Data for this task START
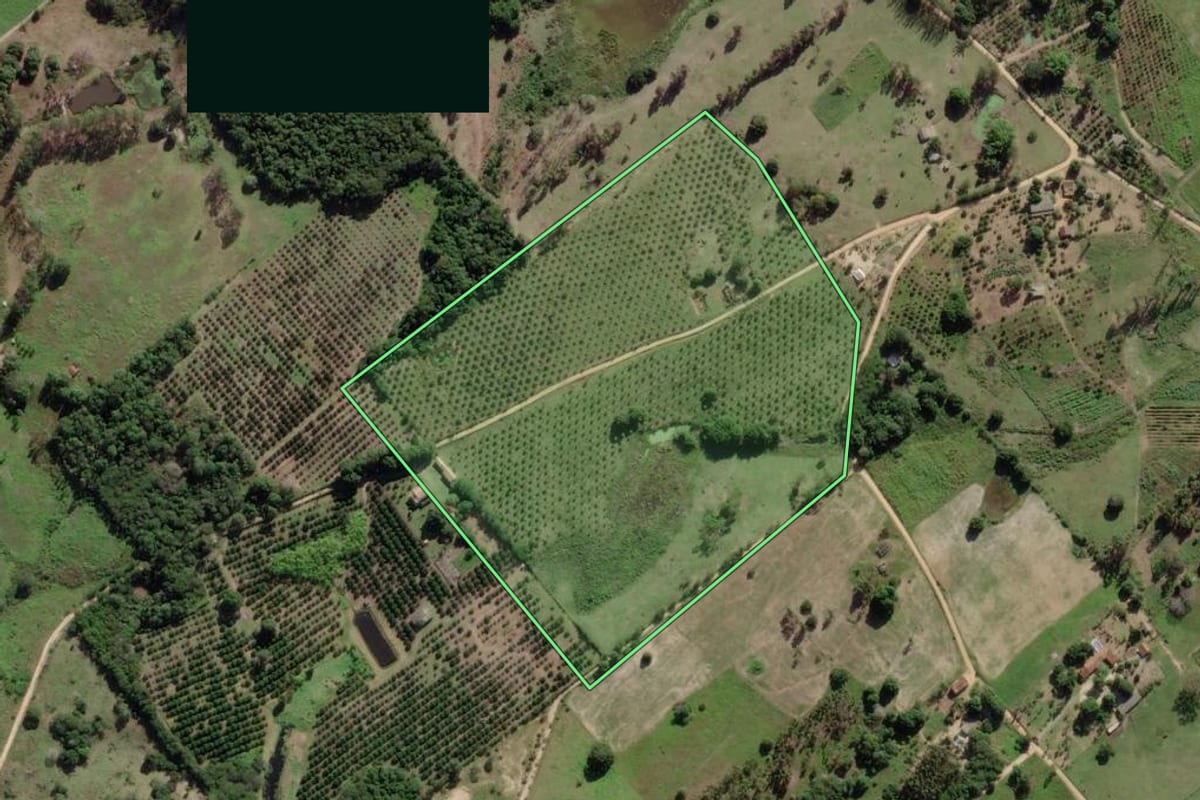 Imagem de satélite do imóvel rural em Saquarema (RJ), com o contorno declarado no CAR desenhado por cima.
Data for this task END
Data for this task START
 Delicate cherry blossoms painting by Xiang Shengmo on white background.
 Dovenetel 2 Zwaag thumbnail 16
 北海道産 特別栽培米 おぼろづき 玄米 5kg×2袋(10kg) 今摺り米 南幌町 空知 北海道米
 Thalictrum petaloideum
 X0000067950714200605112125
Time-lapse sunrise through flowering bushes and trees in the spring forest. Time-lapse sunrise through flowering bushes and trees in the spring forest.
Data for this task END
Data for this task START
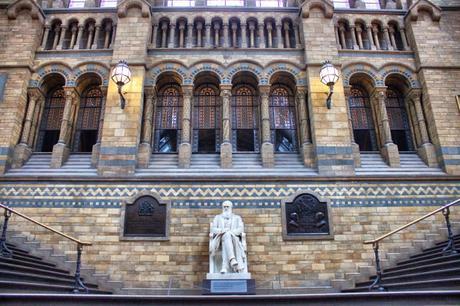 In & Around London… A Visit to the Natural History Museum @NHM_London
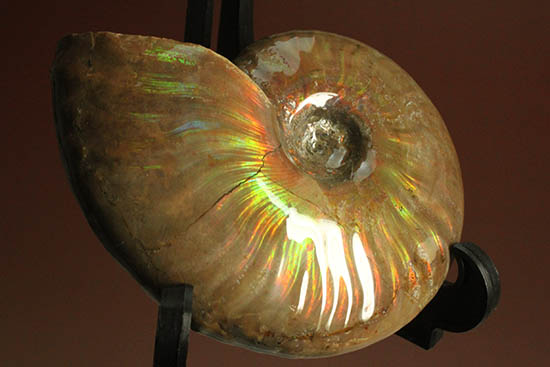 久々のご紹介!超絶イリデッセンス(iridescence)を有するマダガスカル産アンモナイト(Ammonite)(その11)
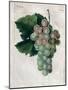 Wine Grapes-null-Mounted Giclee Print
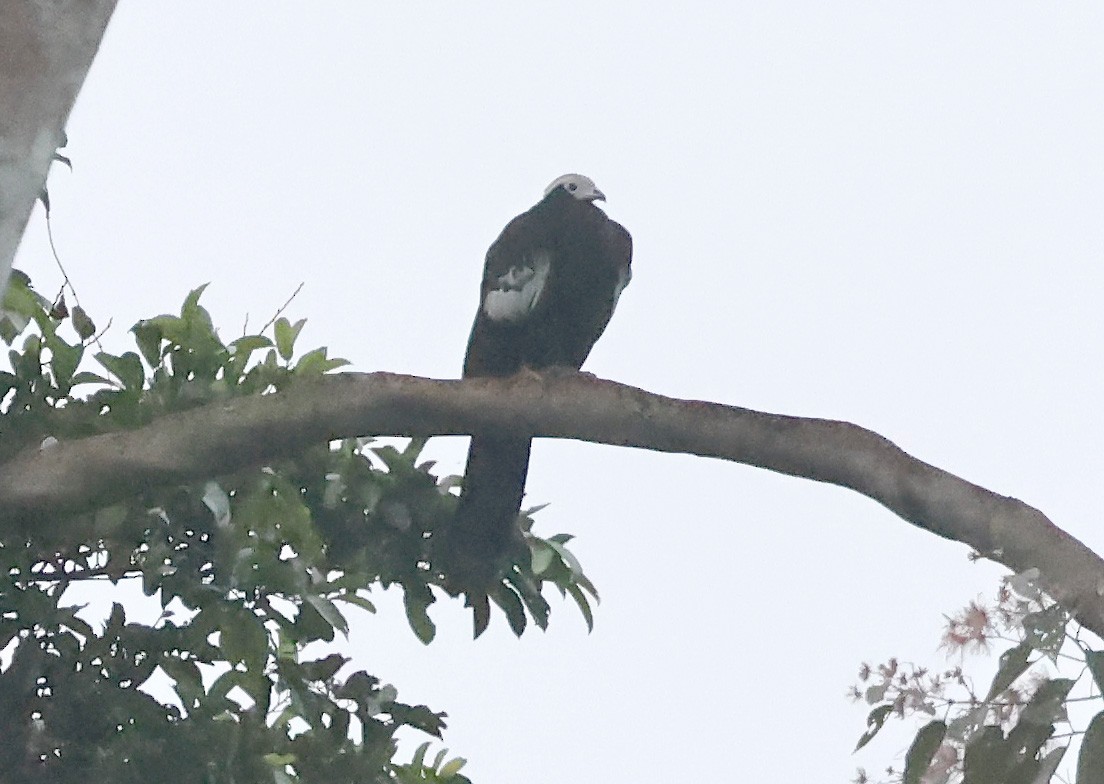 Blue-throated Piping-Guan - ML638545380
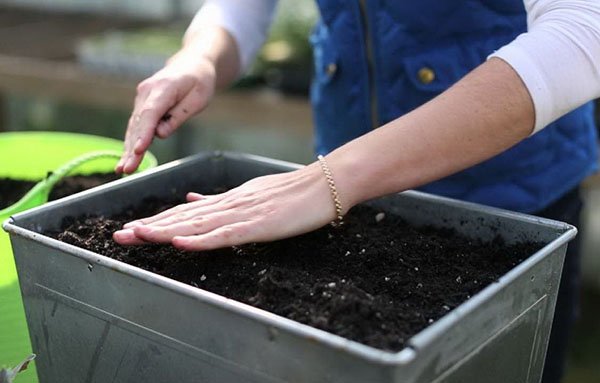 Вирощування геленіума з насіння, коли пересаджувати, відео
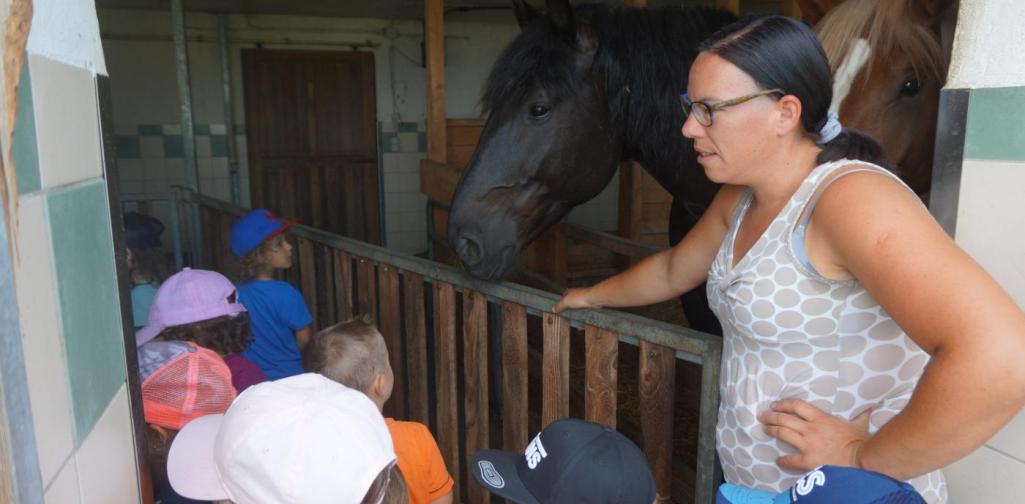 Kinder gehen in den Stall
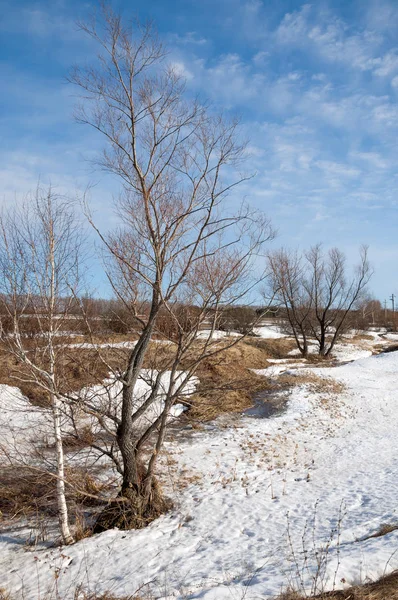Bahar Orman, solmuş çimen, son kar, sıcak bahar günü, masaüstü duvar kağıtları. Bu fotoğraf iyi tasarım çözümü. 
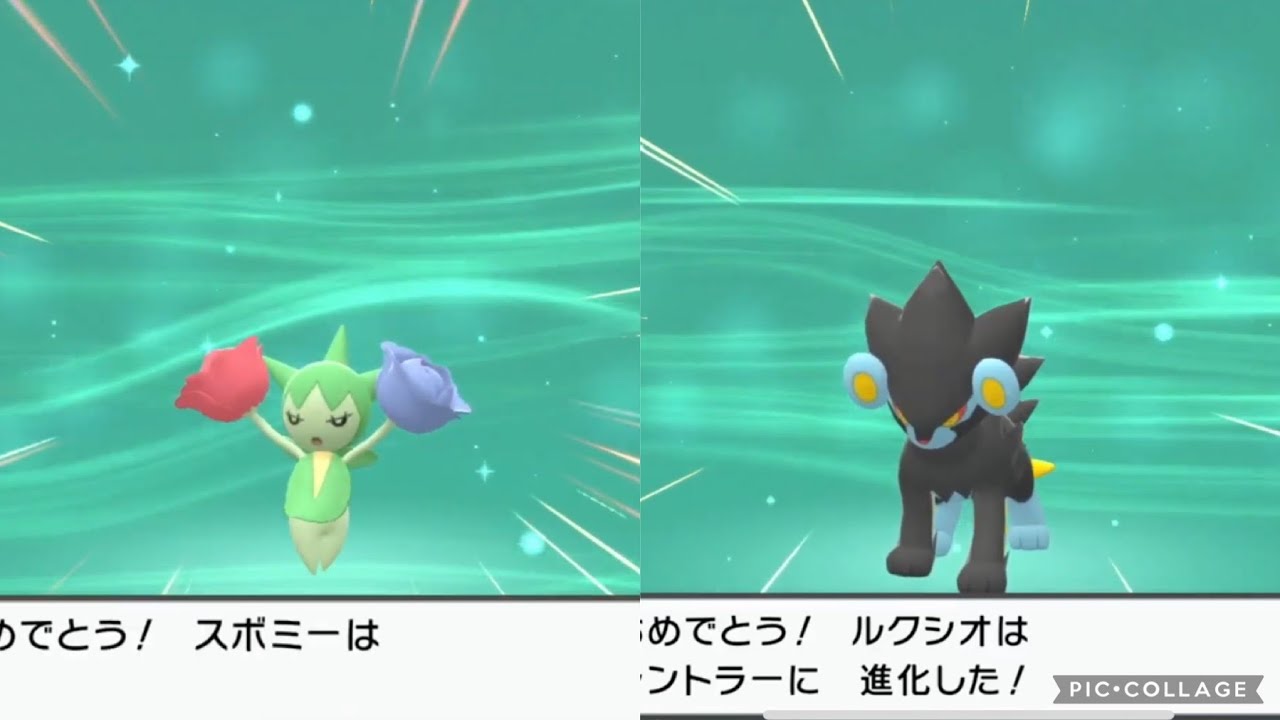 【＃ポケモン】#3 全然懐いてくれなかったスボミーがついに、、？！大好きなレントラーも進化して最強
Data for this task END
**Task to carry out**
Above are the entries. Copy exactly the part that opens with the line containing "X0000067950714200605112125" and closes with the line containing "spring forest. Time-lapse", and no more.

**Exercise output**
 X0000067950714200605112125
Time-lapse sunrise through flowering bushes and trees in the spring forest. Time-lapse sunrise through flowering bushes and trees in the spring forest.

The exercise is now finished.